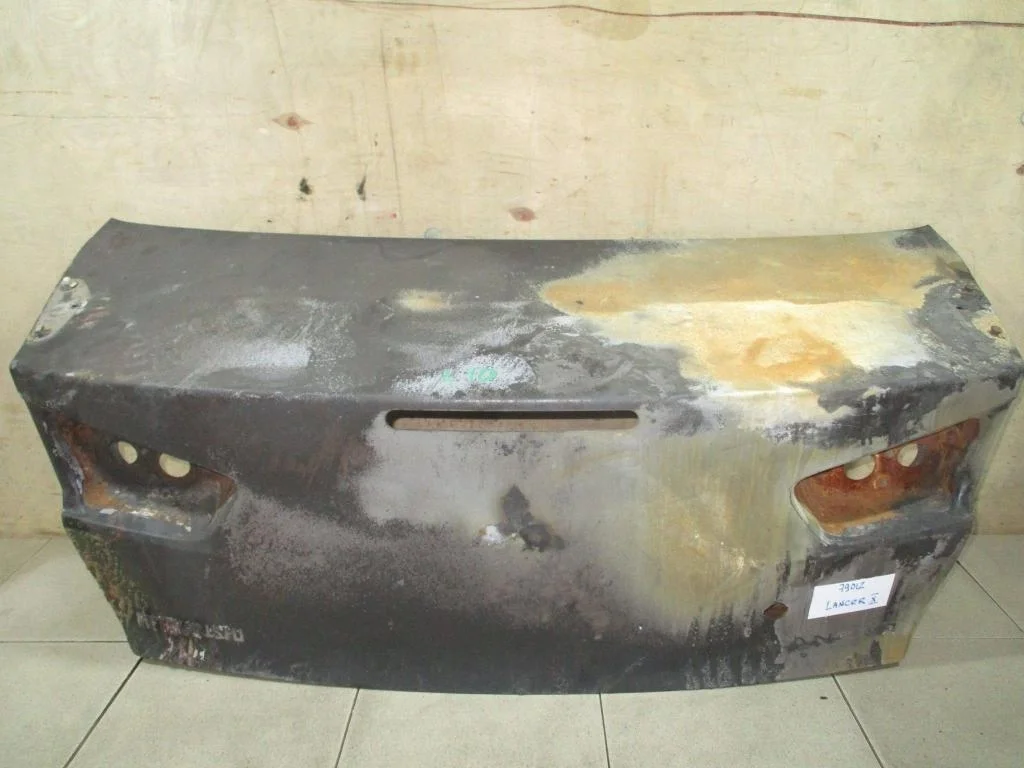 Крышка багажника Mitsubishi Lancer 10 2007 (CY)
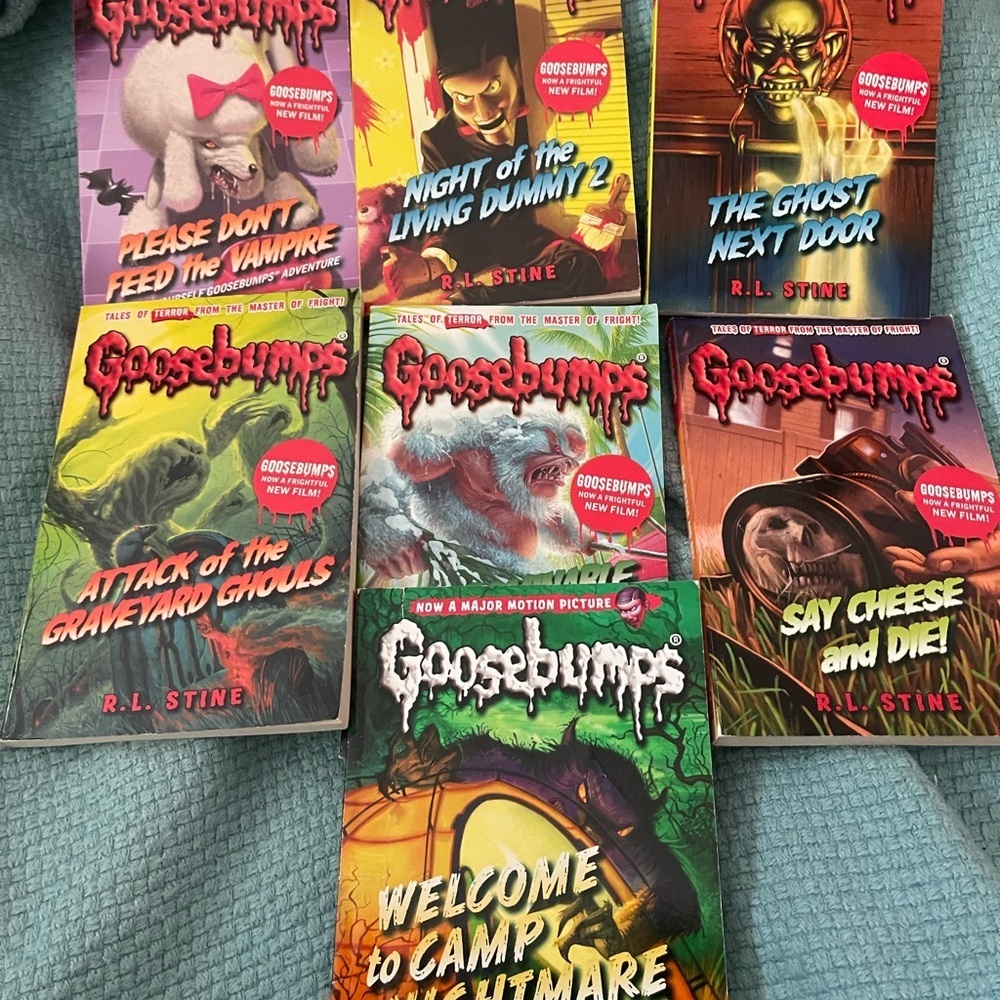 Scholastic Goosebumps Book Collection with Vibrant Covers - 7 Titles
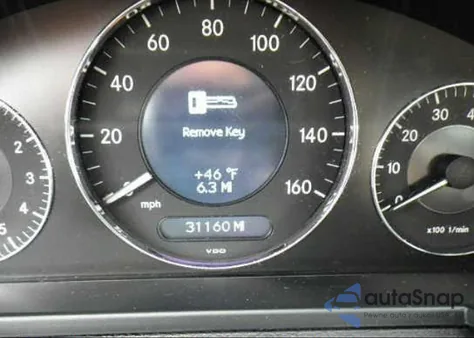 2008 Mercedes-Benz E350 4M Awd z USA, uszkodzony, nr VIN WDBUF87X58B357688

# [Exercise brief]
Could you repeat word for word only the lines from the one that contains "Scholastic Goosebumps Book" through the end of the listing, leaving out the pictures?

# [Output of the task]
 Scholastic Goosebumps Book Collection with Vibrant Covers - 7 Titles
 2008 Mercedes-Benz E350 4M Awd z USA, uszkodzony, nr VIN WDBUF87X58B357688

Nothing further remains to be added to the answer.